# Instructions for the task
Omit all pictures and give the records below again exactly as written.
**** Supplied entries ****
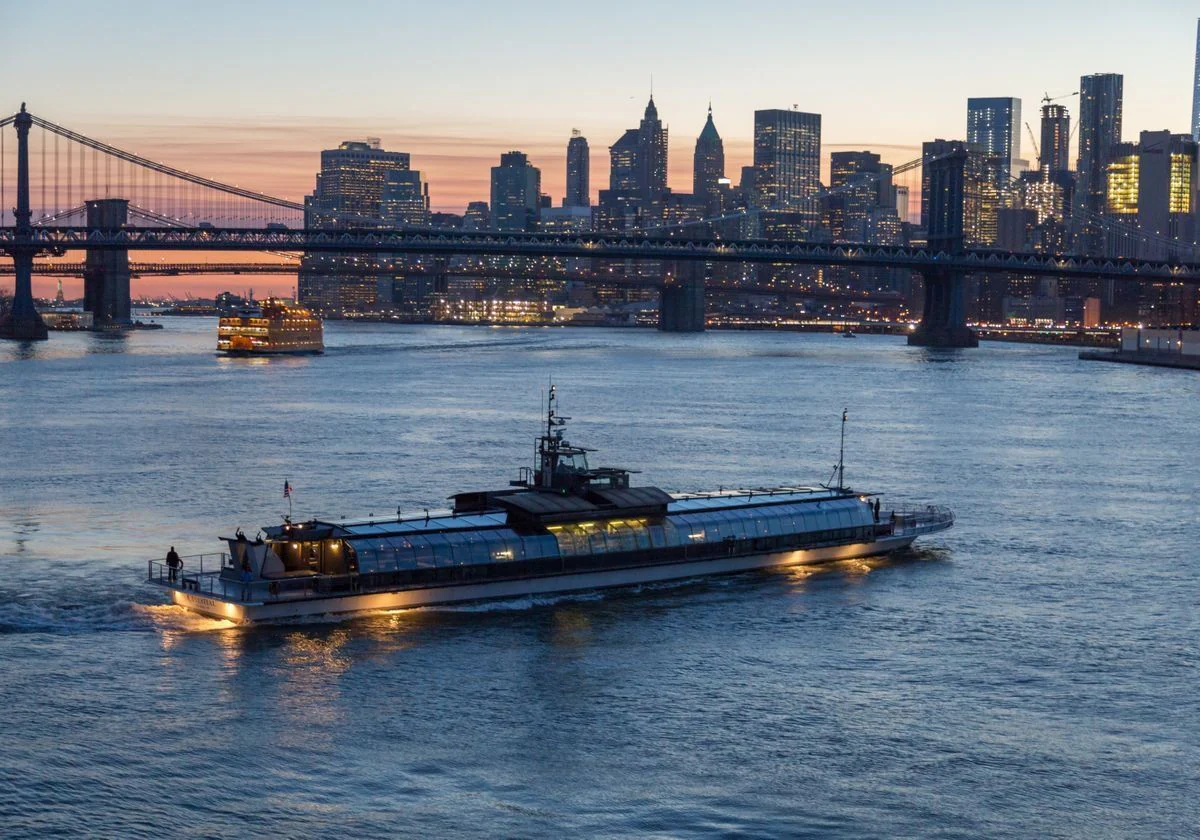 Saturday NYC Romantic Bateaux Premier Dinner Cruise for 2 - Image 3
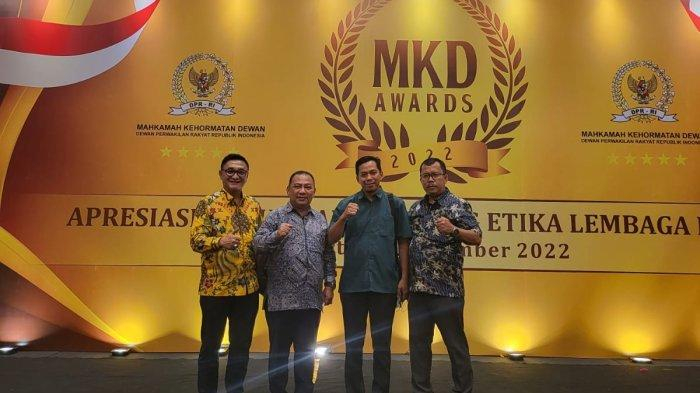 Anggota Badan Kehormatan (BK) DPRD Provinsi Jambi hadiri Mahkamah Kehormatan Dewan DPR RI award tahun 2022, Senin (12/12/22). 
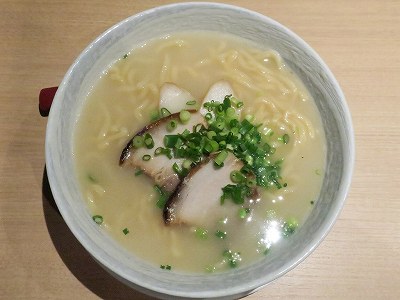 豚骨スープのこってり沖縄そば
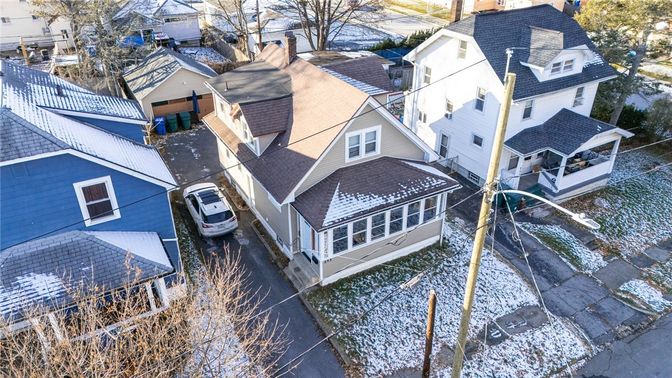 Exterior, Drone
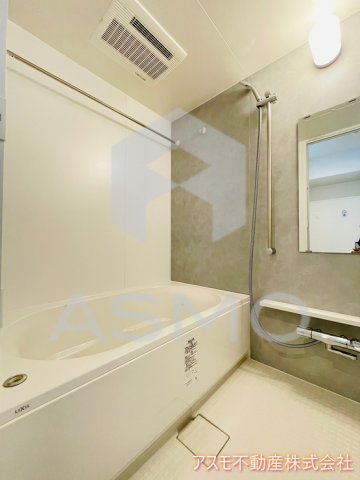 バス・シャワールーム　同マンション別部屋　参考写真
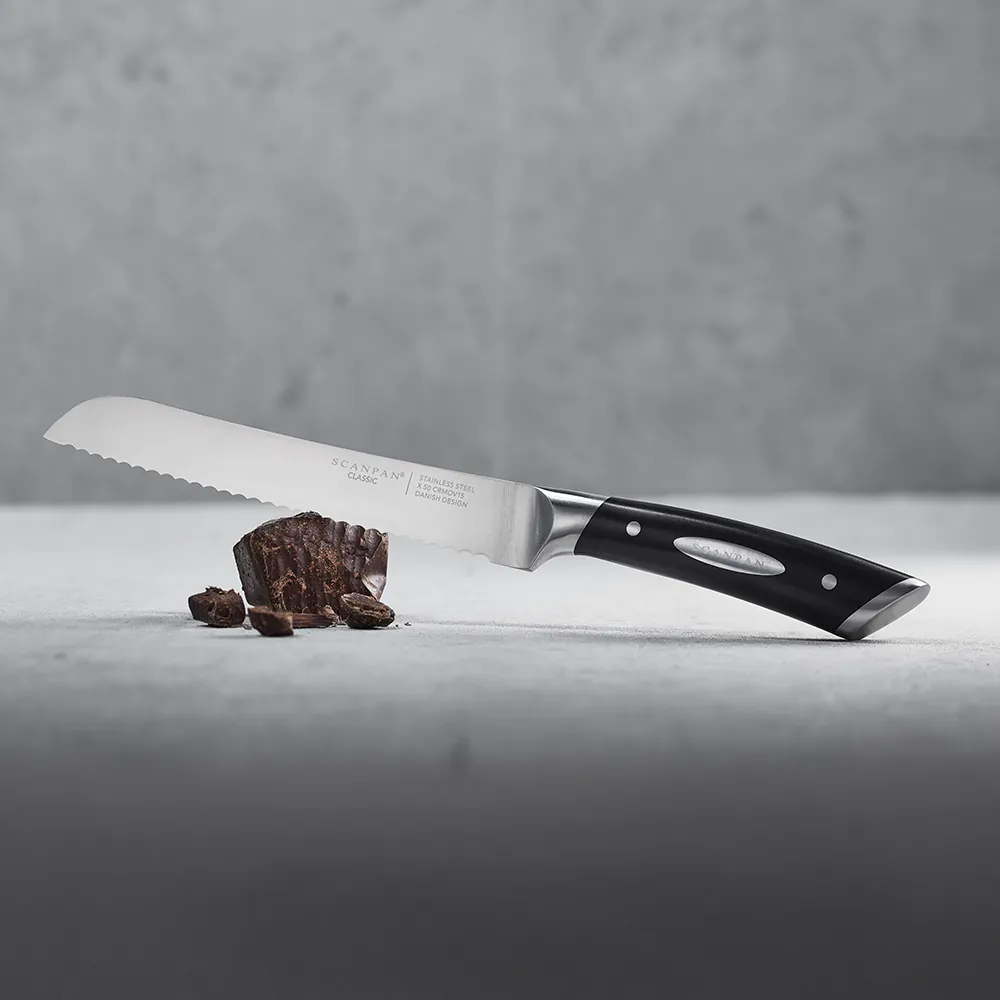 Scanpan Classic brødkniv liggende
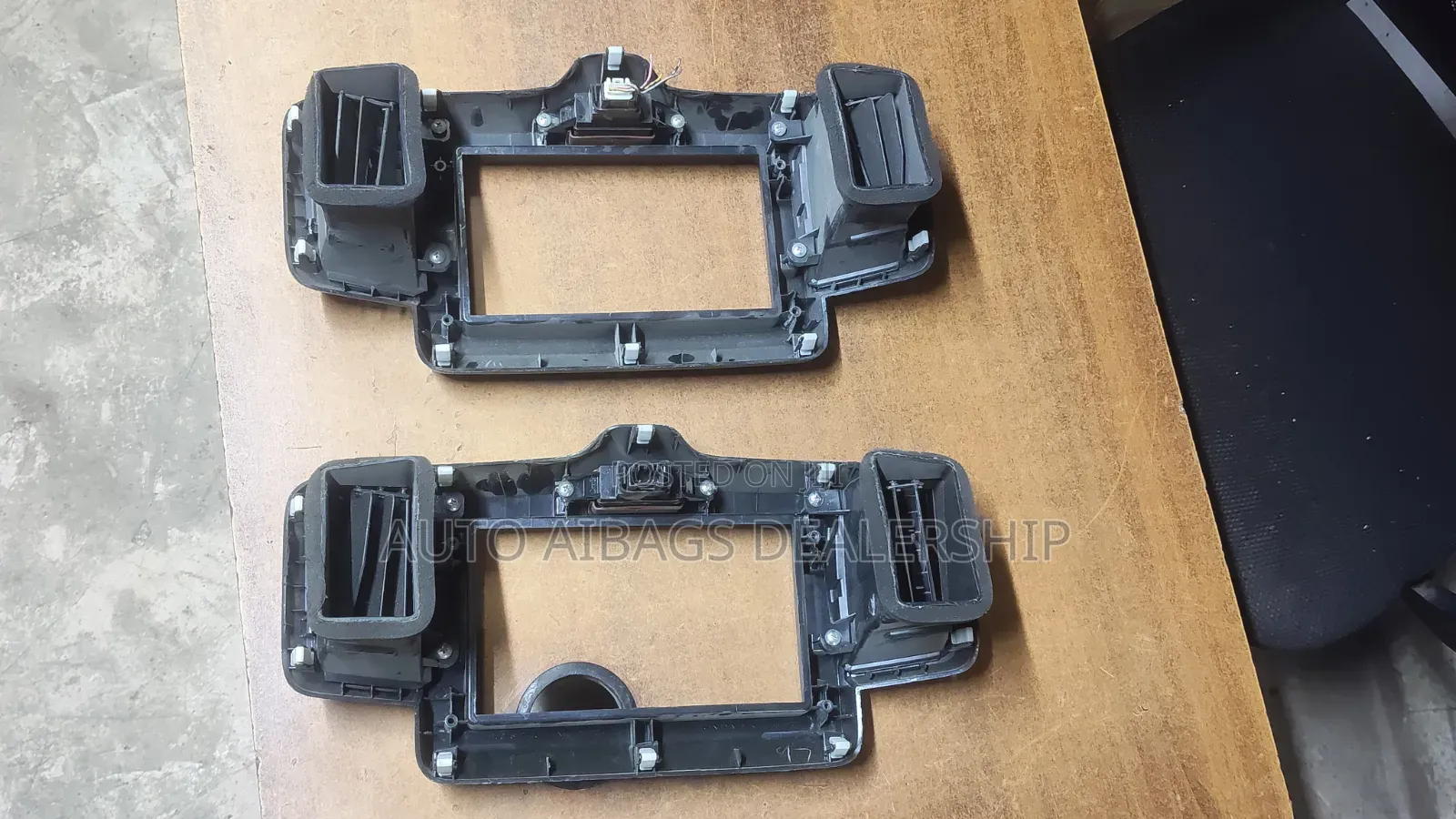 Honda Freed Radio Fascial Console.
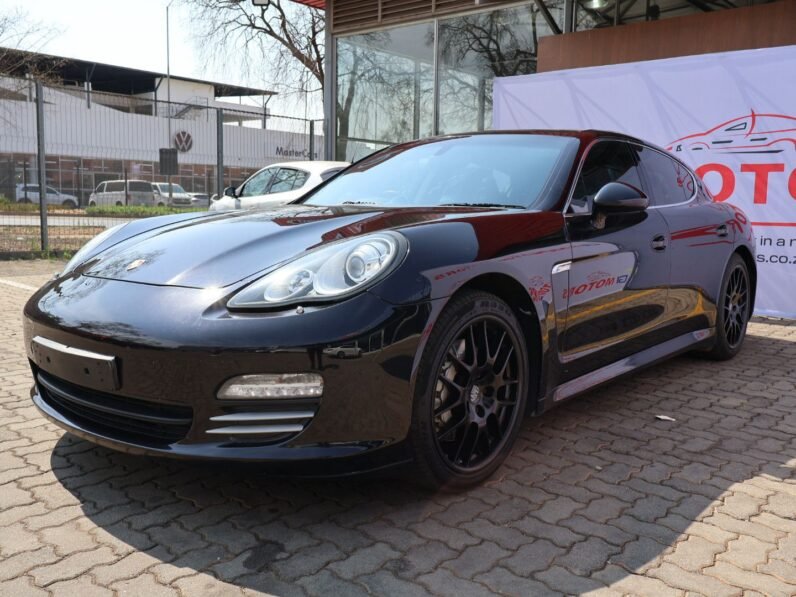 2011 Porsche Panamera 4S Auto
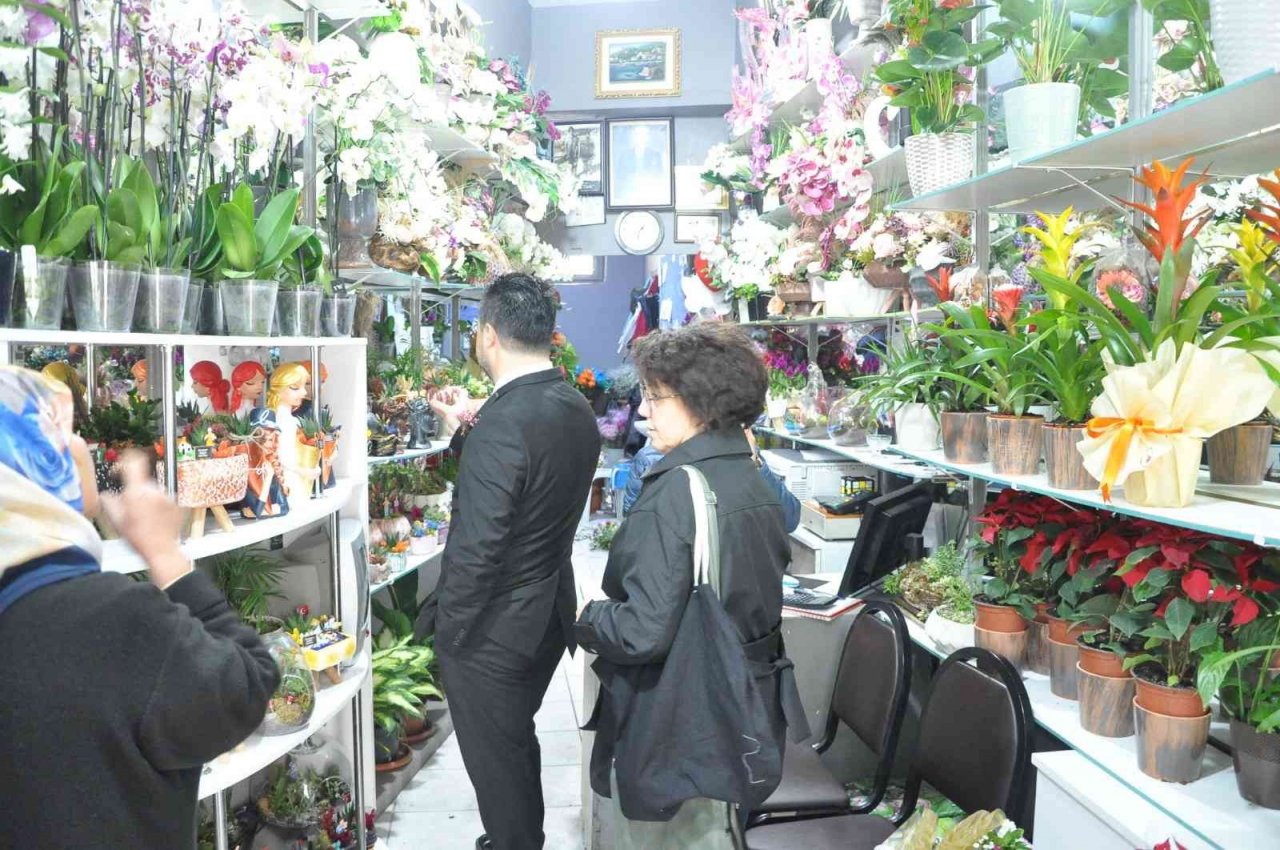 Öğretmenler Günü, çiçekçileri de mutlu etti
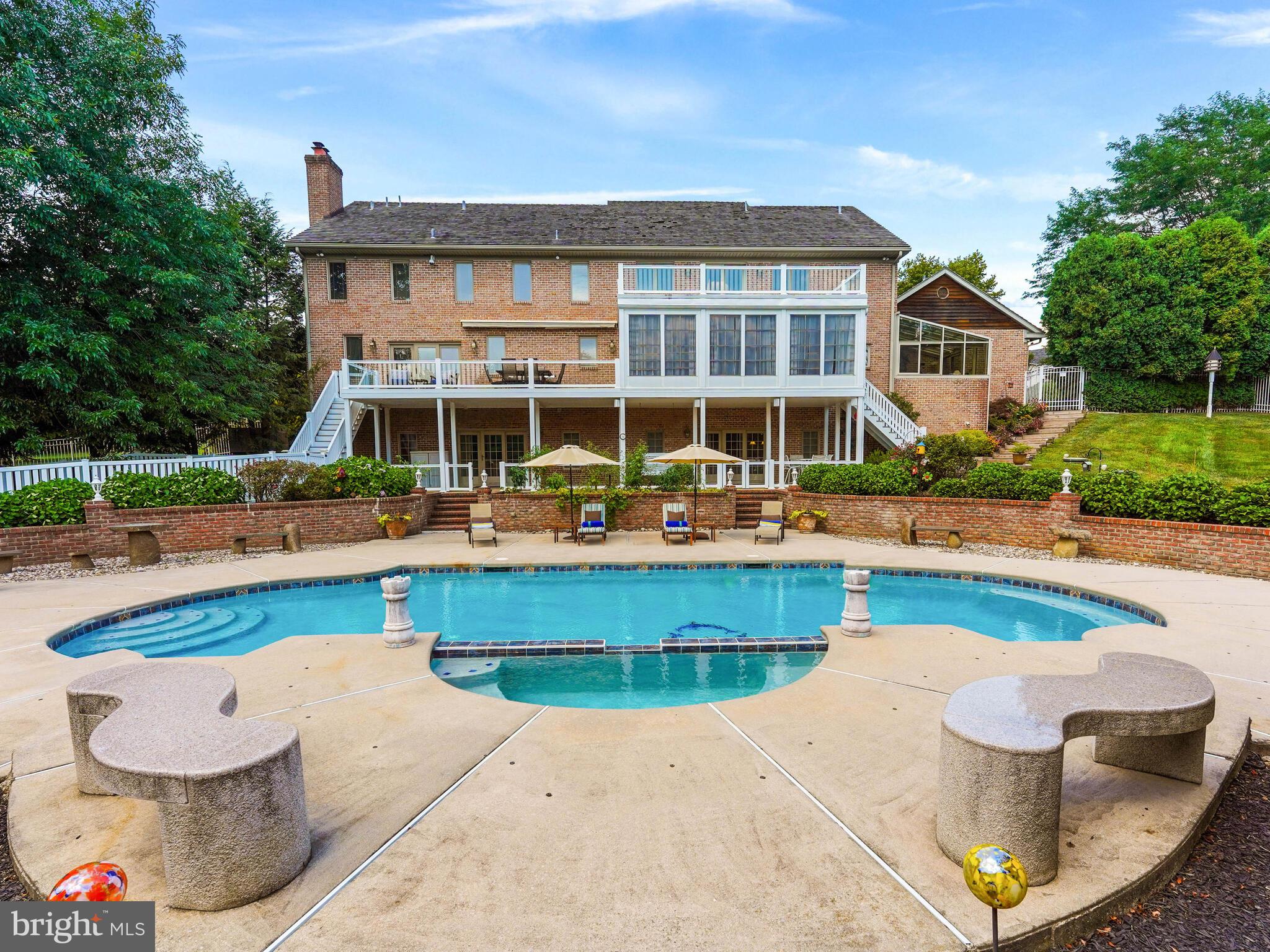 DEER POINTE - Residential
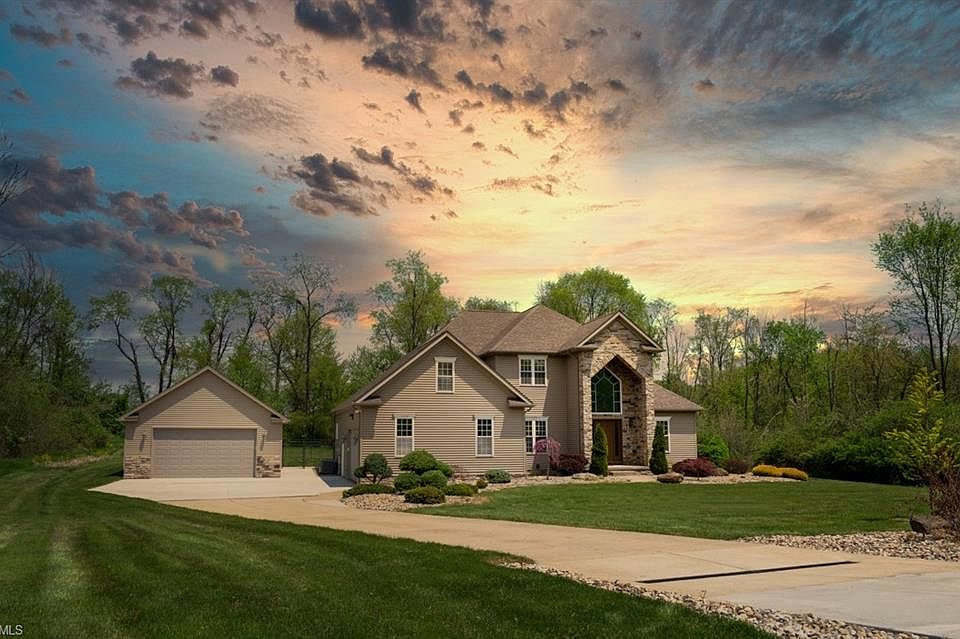 1st image of 9665 Cherry Hills Dr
****
# Answer to this exercise
 Saturday NYC Romantic Bateaux Premier Dinner Cruise for 2 - Image 3
 Anggota Badan Kehormatan (BK) DPRD Provinsi Jambi hadiri Mahkamah Kehormatan Dewan DPR RI award tahun 2022, Senin (12/12/22). 
 豚骨スープのこってり沖縄そば
 Exterior, Drone
 バス・シャワールーム　同マンション別部屋　参考写真
 Scanpan Classic brødkniv liggende
 Honda Freed Radio Fascial Console.
 2011 Porsche Panamera 4S Auto
 Öğretmenler Günü, çiçekçileri de mutlu etti
 DEER POINTE - Residential
 1st image of 9665 Cherry Hills Dr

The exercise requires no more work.